Science project

Dichotomous Key


Learn how to make a dichotomous key. How can we use a dichotomous key to identify plants or animals?


  • Materials are available at the library, office supply store or from home
  • Posterboard
  • Tree, bird, fungus, amphibian, wildflower, etc. field guides
  • Notebook
  • Camera


  • Study examples of dichotomous keys, like the ones below or others you might find in a field guide. There are a variety of ways you can design a dichotomous key, and they can be used to identify pretty much anything. Figure 1 below is a dichotomous key for types of potato chips, and Figure 2 is one for identifying organisms.
  • Practice making a dichotomous key with everyday items or people. Start with the most obvious features of the item and move to more specific statements. Remember, each statement must have 2 choices. For example you might start by creating a dichotomous key to identify students in your class. Begin with very general statements: Is the student male or female? Does the student have blue eyes or brown eyes? Does the student wear glasses? Etc. You can set up your key as a flow chart, or as a grid.

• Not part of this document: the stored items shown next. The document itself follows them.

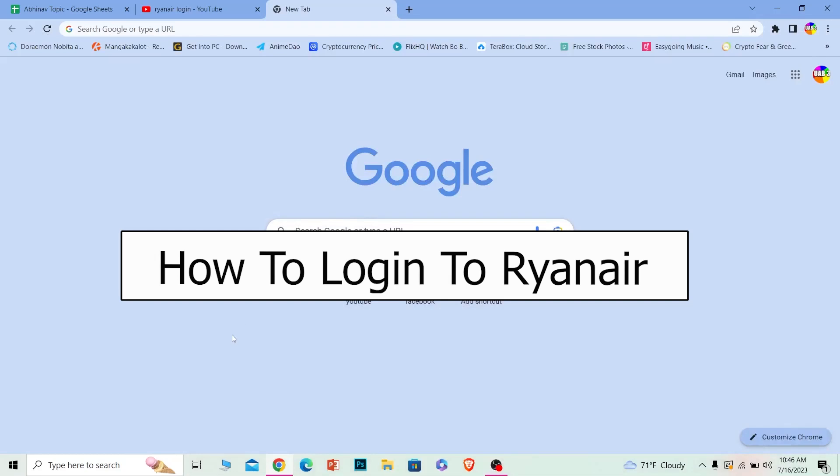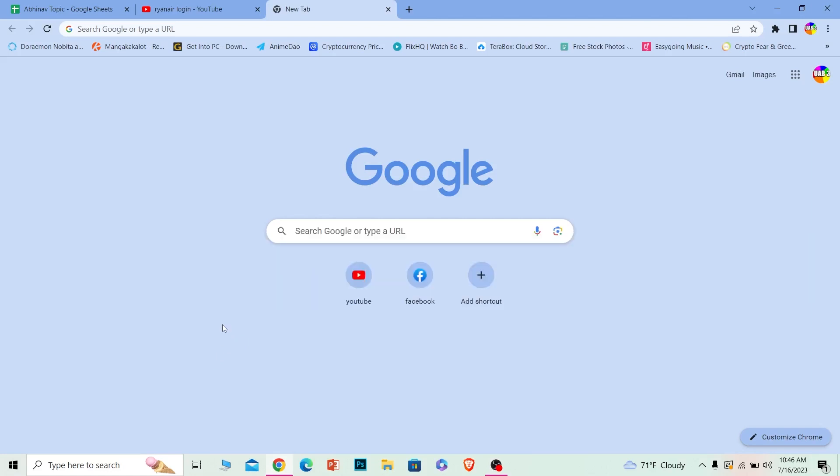Welcome to our channel How to Guide everybody, where we post guide videos. In today's video, I'll be teaching you how you can login to your Ryanair account. It's pretty simple, so follow the steps.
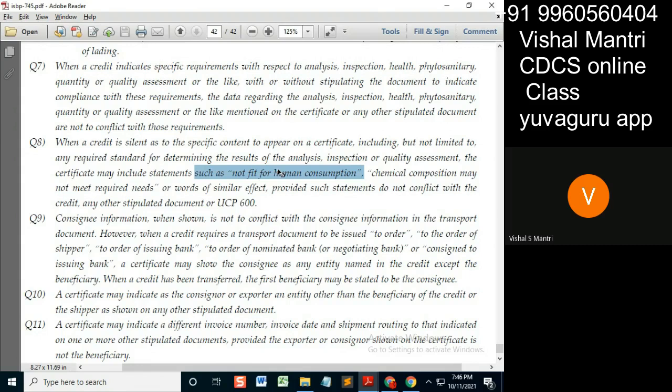The additional conditions in the credit state that the goods should be fit for human consumption. If the additional conditions contradict the credit, this will be a discrepancy. Such a contradiction may also arise with other stipulated documents — for example, where similar conditions appear elsewhere stating that goods are fit for human consumption.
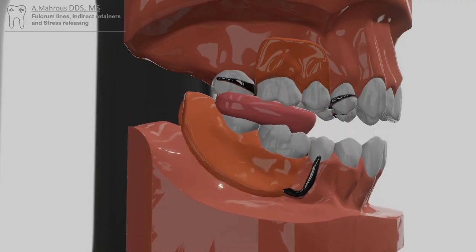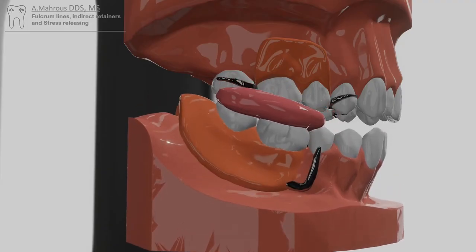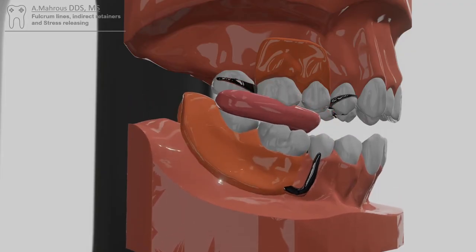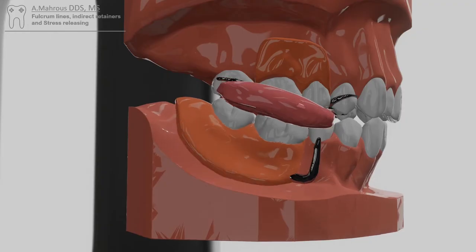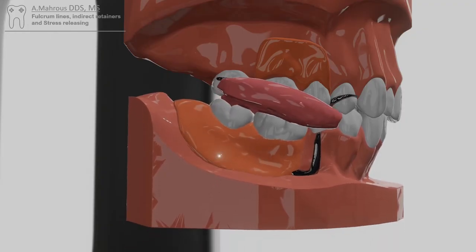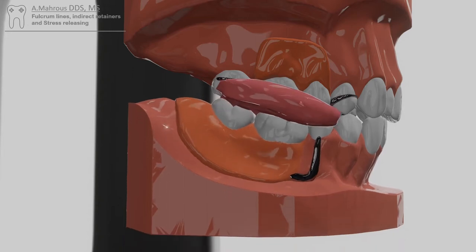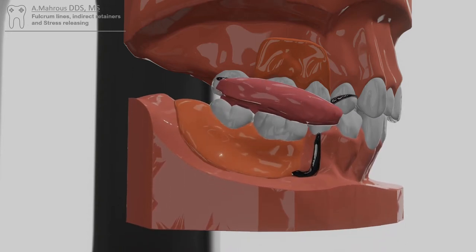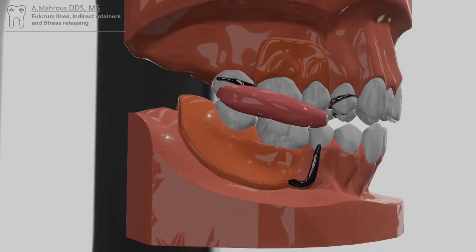As you might notice, much more movement happens on the mandibular distal extension partial denture than on the maxillary tooth-bound partial. This is largely due to the fact that there are no teeth supporting the mandibular partial denture distally, which in turn causes rotational movements towards and away from the tissues. Understanding the reason for this movement, its consequences, and ways of management is an important part of removable partial denture treatment.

Here is an example of a partial dichotomous key for identifying classmates:

  • When you feel comfortable reading and creating a dichotomous key try to identify something in nature with a key. With an adult’s permission go outside and find a leaf from a tree you do not know. Use the dichotomous key in the tree identification guide you have to identify it.
  • You will create your own field guide that includes a dichotomous key for your project. Choose which group of organisms you will focus on (birds, trees, wildflowers, insects)
  • Pick 5 species in your group that you can see in the wild in your area.
  • Identify some of the features of the species. For example: if you choose 5 types of tree what are some of the shapes of the leaves? What color is the bark? etc.
  • It may be helpful to take photographs or make careful drawings of the features of your chosen species.
  • Work out the details on scrap paper before you try to draw out your dichotomous key on the poster board.
  • When you think you are finished with your dichotomous key try it out by using it to identify each organism. Does it work?
  • In addition to your key create a page of information about each species you have studied. Use pictures and text just like one of your field guides.
  • When you have finished you will have created your own field guide and dichotomous key for local organisms!